The pictures are to be omitted when the entries are reproduced exactly.

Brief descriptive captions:
· · ·

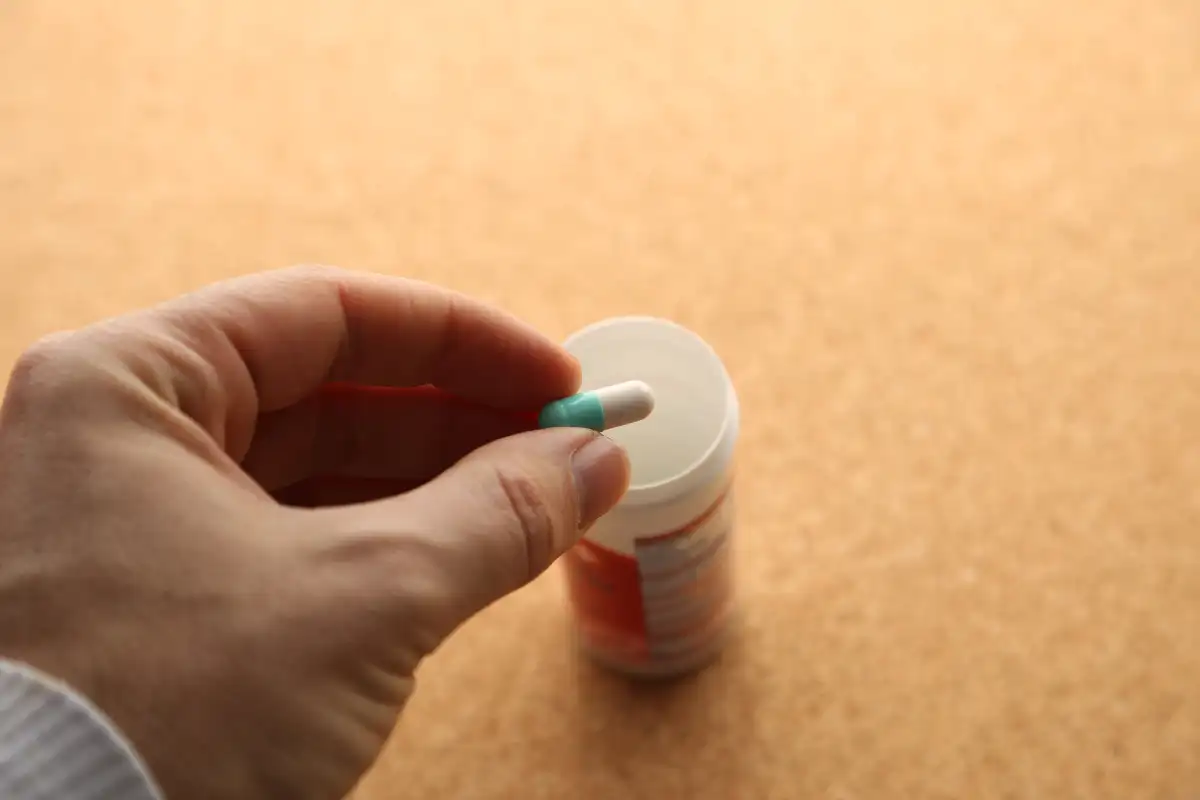 Hand holding an opioid pill. Medical drug addiction concept photo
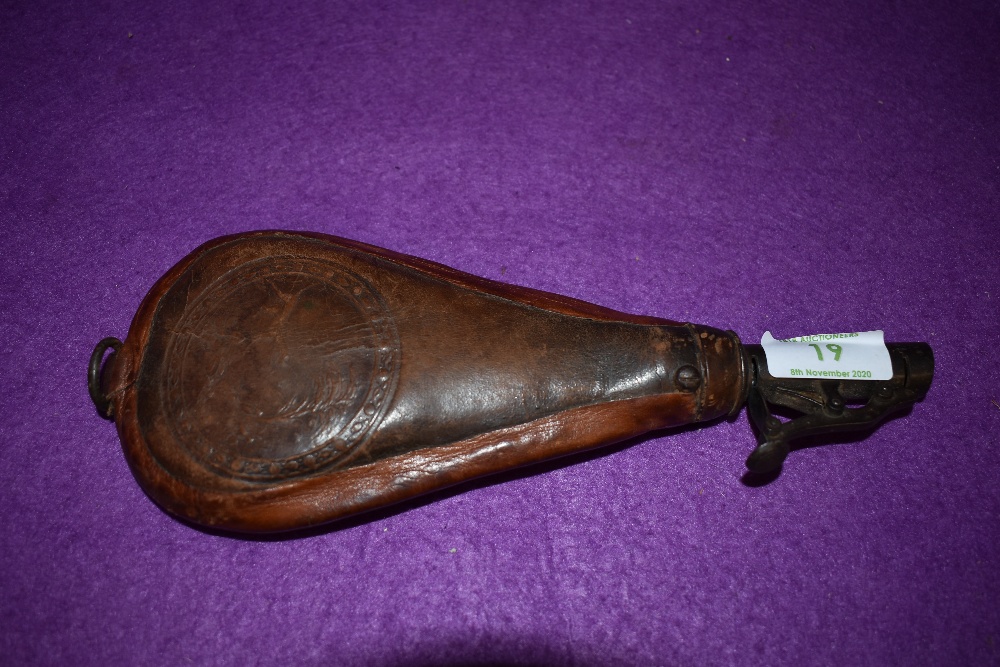 A Victorian leather shot dispenser having hunting scene with gun dog and bird embossed detail.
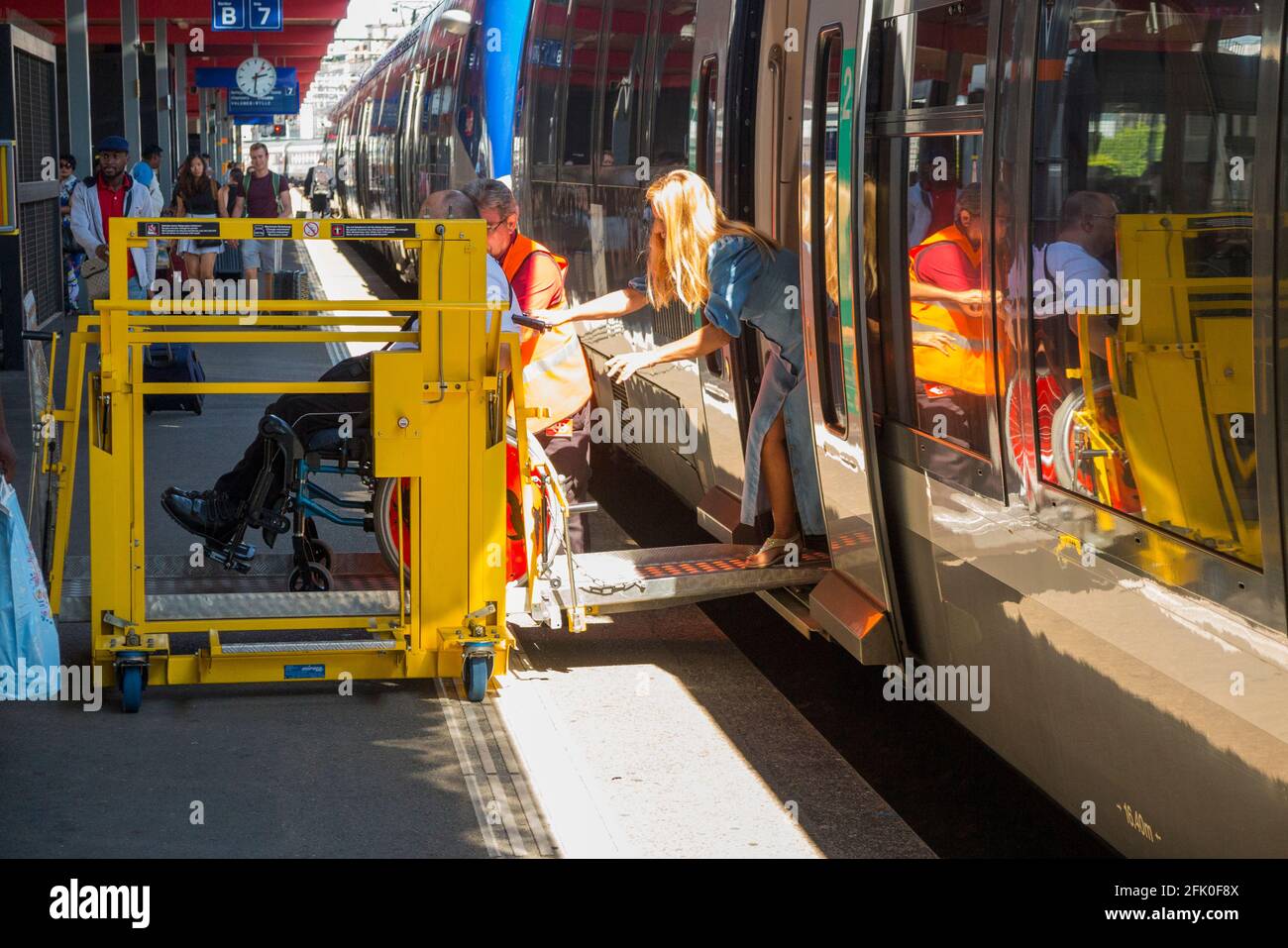 A railway worker provides help to a disabled passenger alighting from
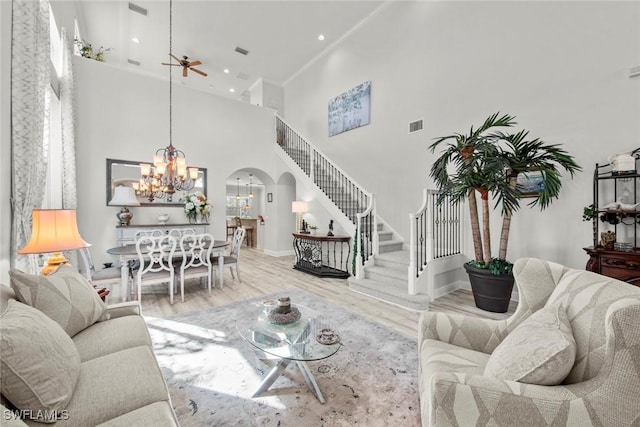 living room with wood-type flooring, ceiling fan with notable chandelier, and a high ceiling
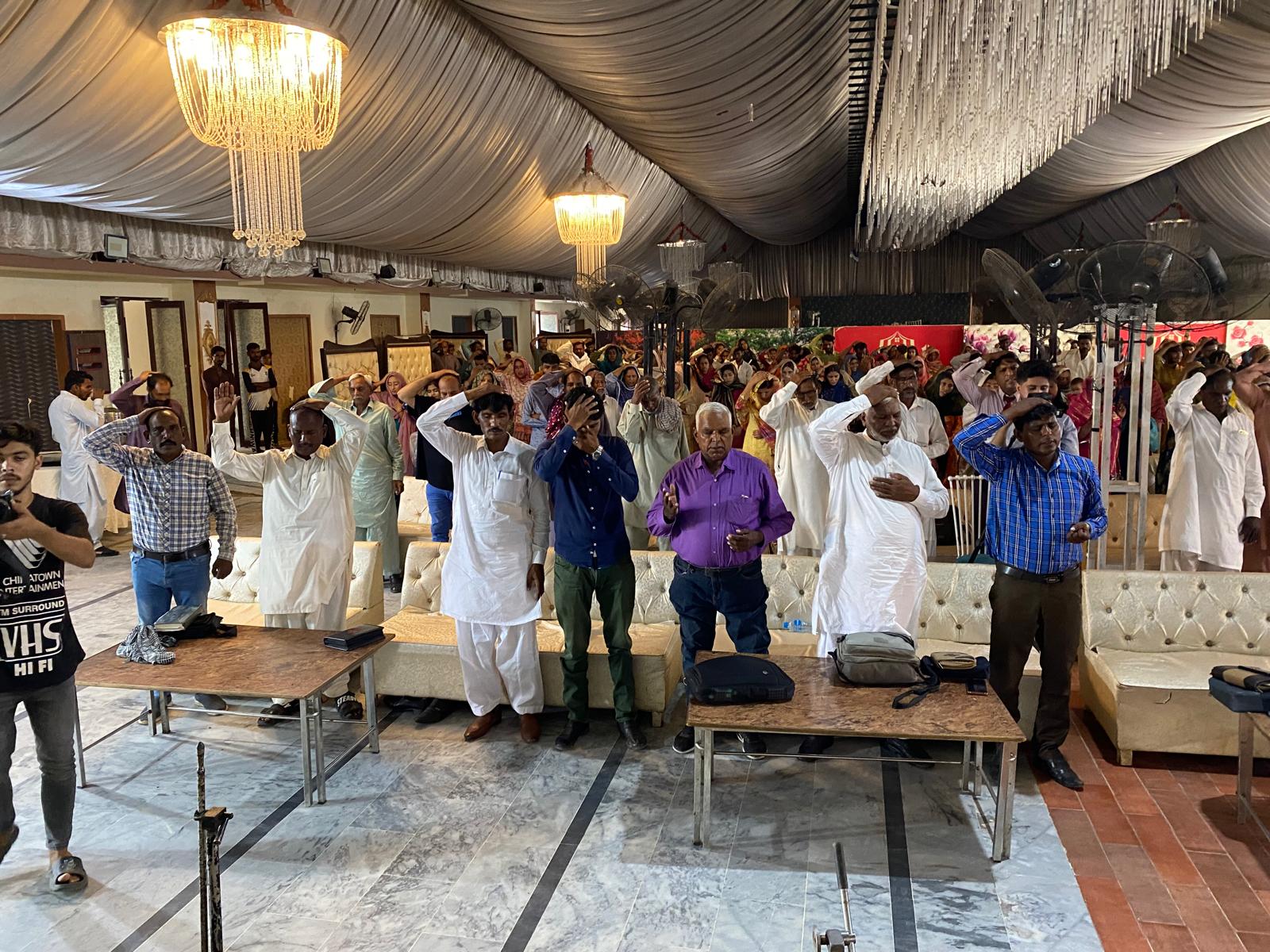 A congregation standing in prayer inside a decorated hall in Pakistan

· · ·

■ **Exercise result**:
 Hand holding an opioid pill. Medical drug addiction concept photo
 A Victorian leather shot dispenser having hunting scene with gun dog and bird embossed detail.
 A railway worker provides help to a disabled passenger alighting from
 living room with wood-type flooring, ceiling fan with notable chandelier, and a high ceiling
 A congregation standing in prayer inside a decorated hall in Pakistan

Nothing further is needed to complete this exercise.